PLoS One. 2010 Jan 8;5(1):e8529. doi: 10.1371/journal.pone.0008529.
Deep sequencing of transcriptome (RNA-seq) provides unprecedented opportunity to interrogate plausible mRNA splicing patterns by mapping RNA-seq reads to exon junctions (thereafter junction reads). In most previous studies, exon junctions were detected by using the quantitative information of junction reads. The quantitative criterion (e.g. minimum of two junction reads), although is straightforward and widely used, usually results in high false positive and false negative rates, owning to the complexity of transcriptome. Here, we introduced a new metric, namely Minimal Match on Either Side of exon junction (MMES), to measure the quality of each junction read, and subsequently implemented an empirical statistical model to detect exon junctions. When applied to a large dataset (>200M reads) consisting of mouse brain, liver and muscle mRNA sequences, and using independent transcripts databases as positive control, our method was proved to be considerably more accurate than previous ones, especially for detecting junctions originated from low-abundance transcripts. Our results were also confirmed by real time RT-PCR assay. The MMES metric can be used either in this empirical statistical model or in other more sophisticated classifiers, such as logistic regression.

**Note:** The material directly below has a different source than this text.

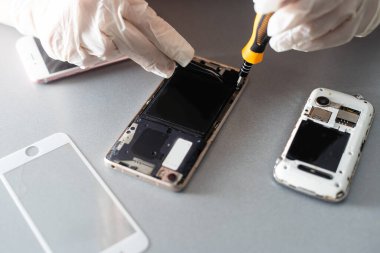 Laboratuvardaki akıllı telefonları fotokopi aletiyle tamir eden teknisyen. bilgisayar donanımı, cep telefonu, elektronik, onarım, güncelleme ve teknoloji kavramı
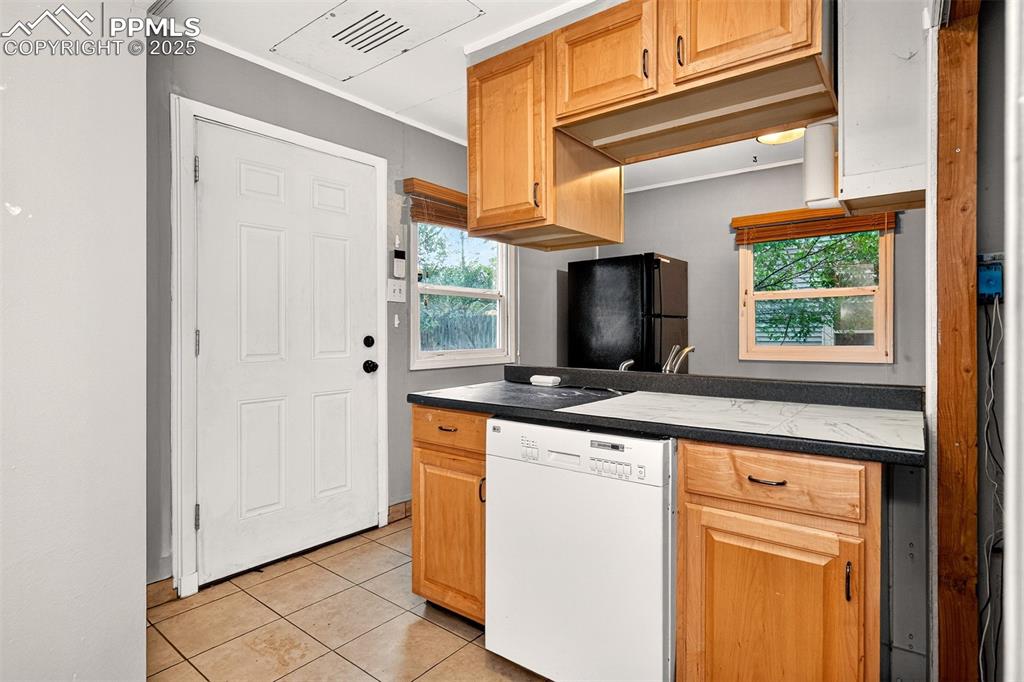Image 4 of 12: Kitchen with dishwasher, light tile patterned floors, freestanding refriger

转录组深度测序(RNA-seq)通过将 RNA-seq 读取映射到外显子接头(此后称为接头读取),为探究合理的 mRNA 剪接模式提供了前所未有的机会。在大多数先前的研究中,通过使用接头读取的定量信息来检测外显子接头。尽管定量标准(例如至少两个接头读取)简单明了且应用广泛,但由于转录组的复杂性,通常会导致高假阳性和假阴性率。在这里,我们引入了一种新的度量标准,即外显子接头任一侧的最小匹配(MMES),用于测量每个接头读取的质量,随后实现了一个经验统计模型来检测外显子接头。当应用于包含小鼠脑、肝和肌肉 mRNA 序列的大型数据集(>200M 个读取),并使用独立的转录本数据库作为阳性对照时,我们的方法被证明比以前的方法更准确,特别是对于检测来自低丰度转录本的接头。我们的结果也通过实时 RT-PCR 测定得到了证实。MMES 度量标准可以用于该经验统计模型或其他更复杂的分类器,例如逻辑回归。